(Task description)
Please write out only the lines from the one containing "CAMPFIELD GARDENS - Residential" through the last line of the listing. Do not include pictures.

(Raw data)
:::::

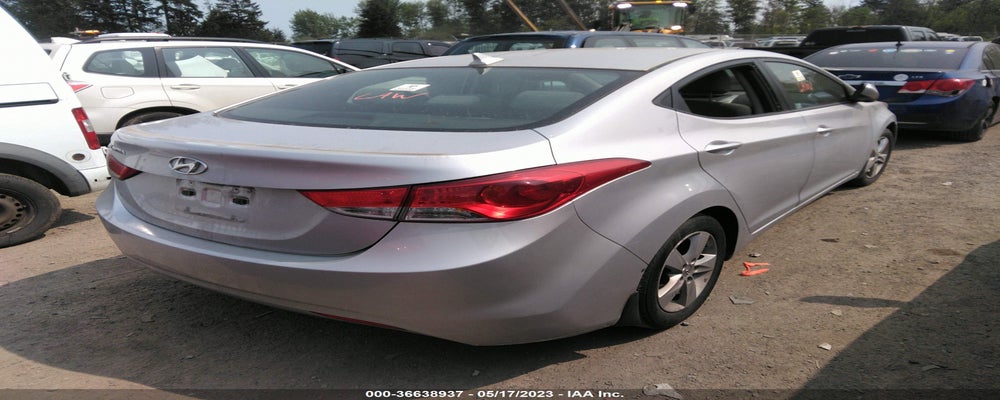 KMHDH4AE3DU739854 2013 HYUNDAI ELANTRA photo no. 4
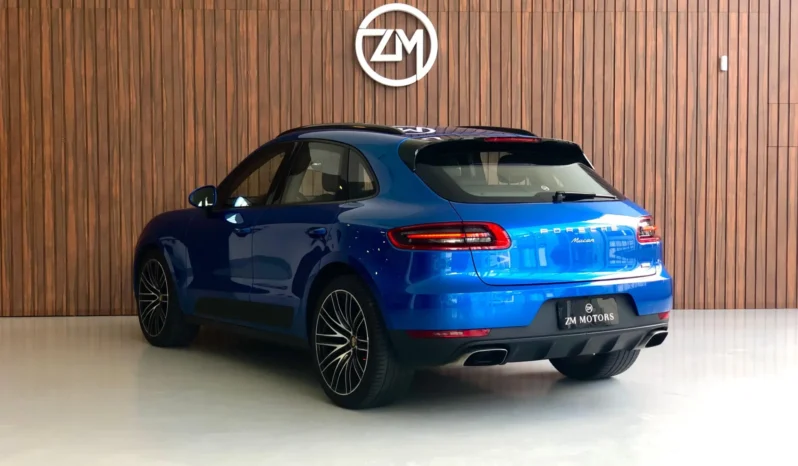 
								PORSCHE MACAN cheio									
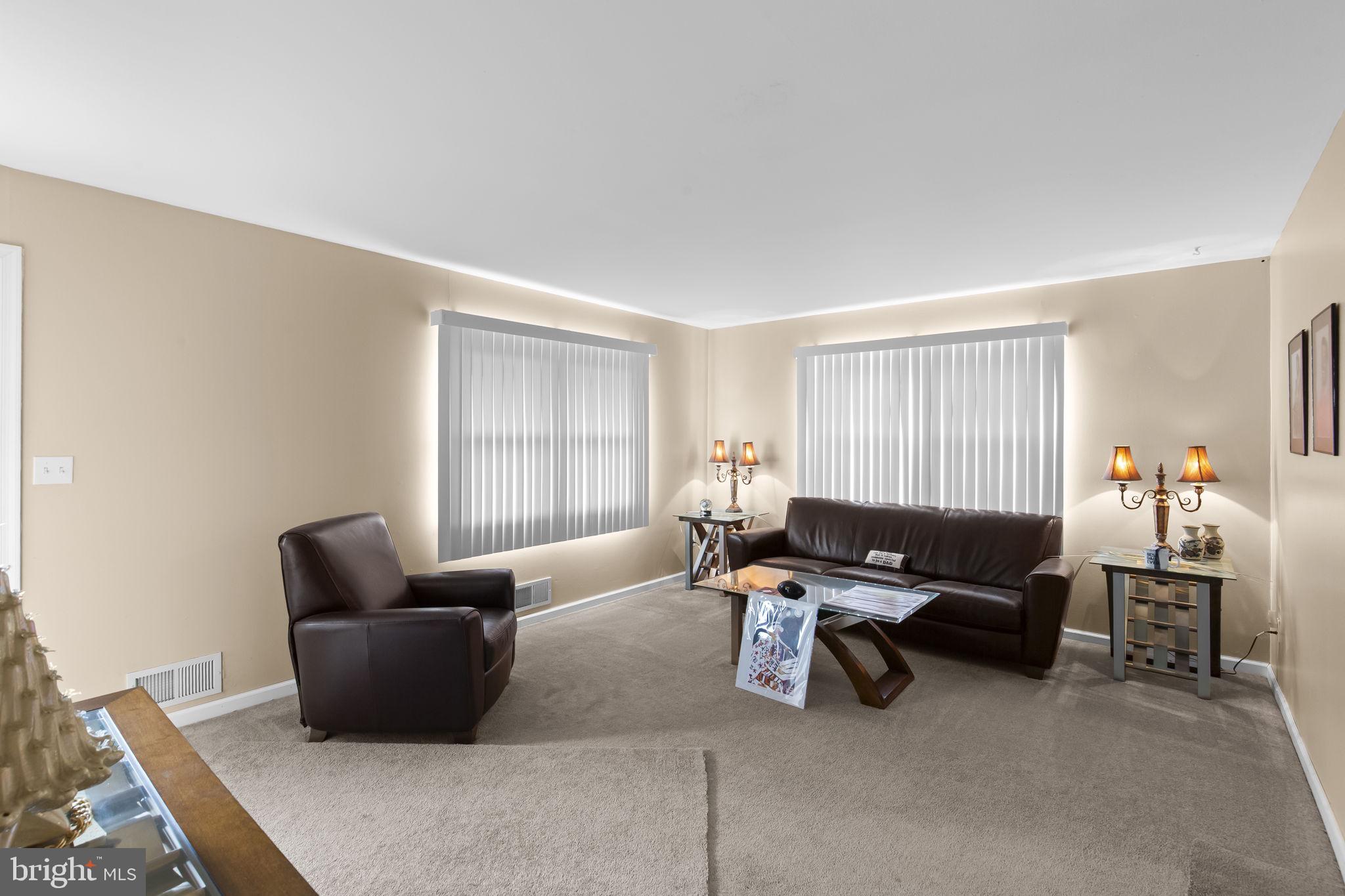 CAMPFIELD GARDENS - Residential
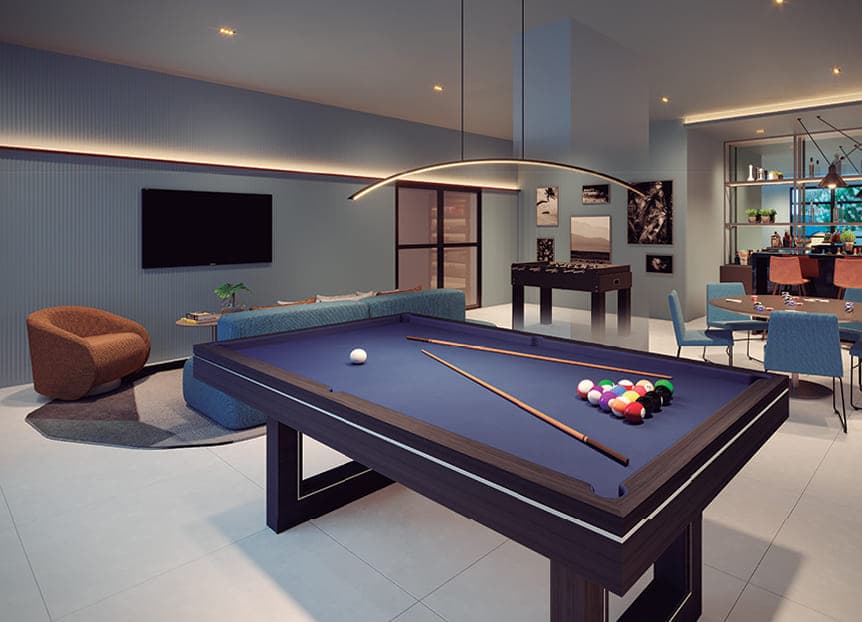 Salão de jogos com mesa de sinuca, pebolim, TV, mesa de carteado e bar ao fundo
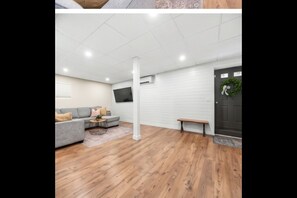 Interior - Private 2-Bedroom Gloucester Suite Near Beaches, Downtown & Restaurants (Gloucester)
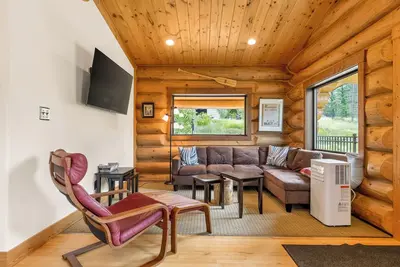 Image de Chalet moderne à la ferme. 10 min en voiture de Koocanusa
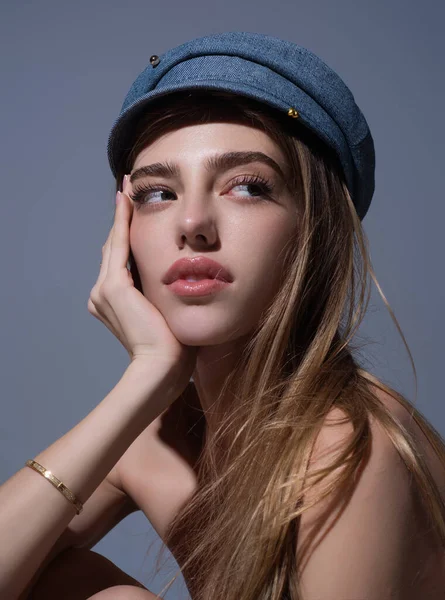 Cara Mulher Sedutora Sensual Jovem Posando Chapéu Boné Moda Modelo — Fotografia de Stock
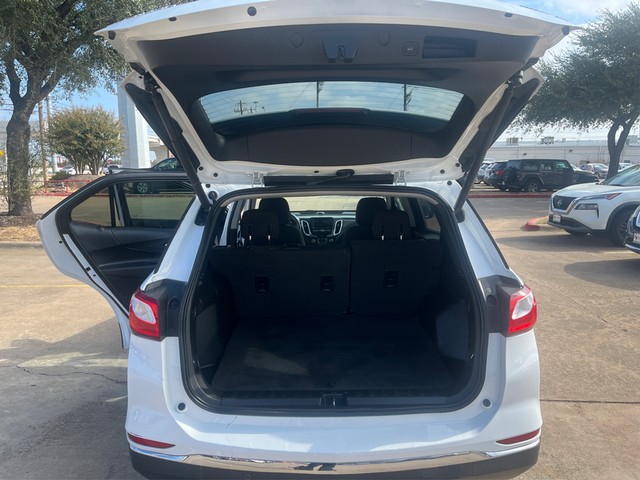 Chevrolet Equinox Vehicle Full-screen Gallery Image 11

:::::

(Problem solution)
 CAMPFIELD GARDENS - Residential
 Salão de jogos com mesa de sinuca, pebolim, TV, mesa de carteado e bar ao fundo
 Interior - Private 2-Bedroom Gloucester Suite Near Beaches, Downtown & Restaurants (Gloucester)
 Image de Chalet moderne à la ferme. 10 min en voiture de Koocanusa
 Cara Mulher Sedutora Sensual Jovem Posando Chapéu Boné Moda Modelo — Fotografia de Stock
 Chevrolet Equinox Vehicle Full-screen Gallery Image 11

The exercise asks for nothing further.